Aunque no se den cuenta de lo que les impulsa a quererlo, tienen un presentimiento de lo que es correcto. Al menos intuyen que toda la llamada fe proviene de lo que alguna época había adquirido como su tesoro de conocimientos. Retrocedamos a tiempos pasados. En lo «real» que el ser humano percibía, también veía actuar a las fuerzas espirituales que guían el libro del destino de su destino. Su escala del conocimiento lo llevaba desde el gusano que se arrastra hasta su dios. Su «fe» era solo su conocimiento en los niveles superiores de esta escala. Y hoy se le quiere decir: «Por mucho que aprendas sobre esta «realidad» nueva, no debe distraerte de la fe de tus padres». ¿Cómo se posicionarían ellos mismos, trasladados a nuestra época, ante tal pretensión? Tendrían que decir: luchamos con todas nuestras fuerzas por una fe que estuviera en plena armonía con todo lo que sabíamos del mundo. Os hemos transmitido nuestra fe y nuestro conocimiento. Habéis superado nuestro conocimiento. Pero os falta la fuerza, como a nosotros, para armonizar vuestra fe y vuestro conocimiento. Y como os falta esa fuerza, declaráis que la fe que habéis heredado de nosotros es intocable por vuestro conocimiento. Pero nuestra fe formaba parte de nuestro conocimiento como la cabeza de un ser humano forma parte de su cuerpo. Buscábamos la misma fuente de vida en ambos. Y con la misma actitud os hemos transmitido nuestro conocimiento y nuestra fe. Es imposible que sepáis lo que os enseñan vuestros ojos y vuestros instrumentos y creáis lo que nos enseñó nuestro espíritu reflexivo. Porque entonces vuestra ciencia nacería de vuestra alma, pero vuestra fe nacería de la nuestra. ¿Qué hacéis cuando procedéis así? En el fondo, nada más que mantener vuestro conocimiento para construir máquinas de vapor y motores eléctricos; pero el nuestro, para satisfacer las necesidades de vuestro corazón.

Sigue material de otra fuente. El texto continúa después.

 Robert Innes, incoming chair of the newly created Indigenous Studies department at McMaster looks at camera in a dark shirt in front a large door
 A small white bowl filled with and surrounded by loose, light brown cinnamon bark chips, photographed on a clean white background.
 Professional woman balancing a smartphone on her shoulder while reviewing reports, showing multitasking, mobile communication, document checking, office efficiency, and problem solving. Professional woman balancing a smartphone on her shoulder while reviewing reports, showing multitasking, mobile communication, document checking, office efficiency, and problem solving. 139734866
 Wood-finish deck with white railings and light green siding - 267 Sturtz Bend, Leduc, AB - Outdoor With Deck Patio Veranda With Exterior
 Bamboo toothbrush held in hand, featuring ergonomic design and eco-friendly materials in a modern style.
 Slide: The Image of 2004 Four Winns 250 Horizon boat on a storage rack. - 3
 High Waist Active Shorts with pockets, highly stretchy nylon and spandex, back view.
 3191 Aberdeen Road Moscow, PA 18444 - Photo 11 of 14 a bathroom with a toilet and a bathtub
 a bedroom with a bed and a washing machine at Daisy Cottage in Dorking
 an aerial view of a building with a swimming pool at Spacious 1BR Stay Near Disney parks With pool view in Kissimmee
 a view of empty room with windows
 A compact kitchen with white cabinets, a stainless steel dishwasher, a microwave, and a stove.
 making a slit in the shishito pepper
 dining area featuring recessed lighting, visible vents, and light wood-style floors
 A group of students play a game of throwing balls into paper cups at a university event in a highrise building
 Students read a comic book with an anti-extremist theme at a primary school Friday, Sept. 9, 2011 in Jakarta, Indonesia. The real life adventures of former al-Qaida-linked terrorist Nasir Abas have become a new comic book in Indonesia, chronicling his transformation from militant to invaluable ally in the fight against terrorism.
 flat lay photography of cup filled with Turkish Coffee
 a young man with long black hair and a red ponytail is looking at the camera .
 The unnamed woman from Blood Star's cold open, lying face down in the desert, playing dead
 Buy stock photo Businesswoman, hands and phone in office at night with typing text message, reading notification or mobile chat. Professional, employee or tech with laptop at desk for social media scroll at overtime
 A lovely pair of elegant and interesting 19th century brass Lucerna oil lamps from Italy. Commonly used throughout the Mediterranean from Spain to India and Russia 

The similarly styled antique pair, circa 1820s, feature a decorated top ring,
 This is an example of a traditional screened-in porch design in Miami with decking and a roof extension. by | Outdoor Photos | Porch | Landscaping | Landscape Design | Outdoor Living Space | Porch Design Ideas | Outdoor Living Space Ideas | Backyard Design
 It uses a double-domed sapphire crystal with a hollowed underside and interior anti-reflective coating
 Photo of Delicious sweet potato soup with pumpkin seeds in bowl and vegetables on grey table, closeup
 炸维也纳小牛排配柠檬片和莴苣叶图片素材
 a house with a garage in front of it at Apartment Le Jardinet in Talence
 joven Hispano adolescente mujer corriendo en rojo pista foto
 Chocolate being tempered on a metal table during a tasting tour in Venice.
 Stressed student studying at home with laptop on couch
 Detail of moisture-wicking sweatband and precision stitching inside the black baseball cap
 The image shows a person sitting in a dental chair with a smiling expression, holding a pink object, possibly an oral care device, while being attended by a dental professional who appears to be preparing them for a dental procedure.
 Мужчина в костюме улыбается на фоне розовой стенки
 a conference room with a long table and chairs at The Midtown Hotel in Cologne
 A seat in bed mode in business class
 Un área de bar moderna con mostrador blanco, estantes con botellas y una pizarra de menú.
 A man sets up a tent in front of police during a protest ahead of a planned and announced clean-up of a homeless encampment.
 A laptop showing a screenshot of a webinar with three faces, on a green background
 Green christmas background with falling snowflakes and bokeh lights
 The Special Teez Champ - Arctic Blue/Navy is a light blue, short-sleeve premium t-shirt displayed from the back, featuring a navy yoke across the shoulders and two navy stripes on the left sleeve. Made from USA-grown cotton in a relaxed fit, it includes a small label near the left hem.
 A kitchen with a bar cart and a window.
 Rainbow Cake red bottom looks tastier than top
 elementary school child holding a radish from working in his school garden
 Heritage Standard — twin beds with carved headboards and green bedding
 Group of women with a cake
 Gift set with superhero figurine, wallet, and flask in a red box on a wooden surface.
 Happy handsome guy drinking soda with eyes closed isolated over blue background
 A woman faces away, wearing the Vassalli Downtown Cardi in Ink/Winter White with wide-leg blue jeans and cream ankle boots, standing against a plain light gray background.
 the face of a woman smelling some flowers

No, tal contradicción no corresponde a la naturaleza humana, sino al impulso invencible de buscar, a partir del conocimiento, los caminos que conducen al hogar del alma. Por eso, aquellos que consideran necesaria la contradicción no pueden preparar el futuro.

Esa es más bien la tarea de aquellos que buscan un conocimiento que revele el sentido de la vida. Un conocimiento que, por sí mismo, ilumine al ser humano sobre el origen, el destino y el propósito, que tenga en sí mismo el poder de la religión.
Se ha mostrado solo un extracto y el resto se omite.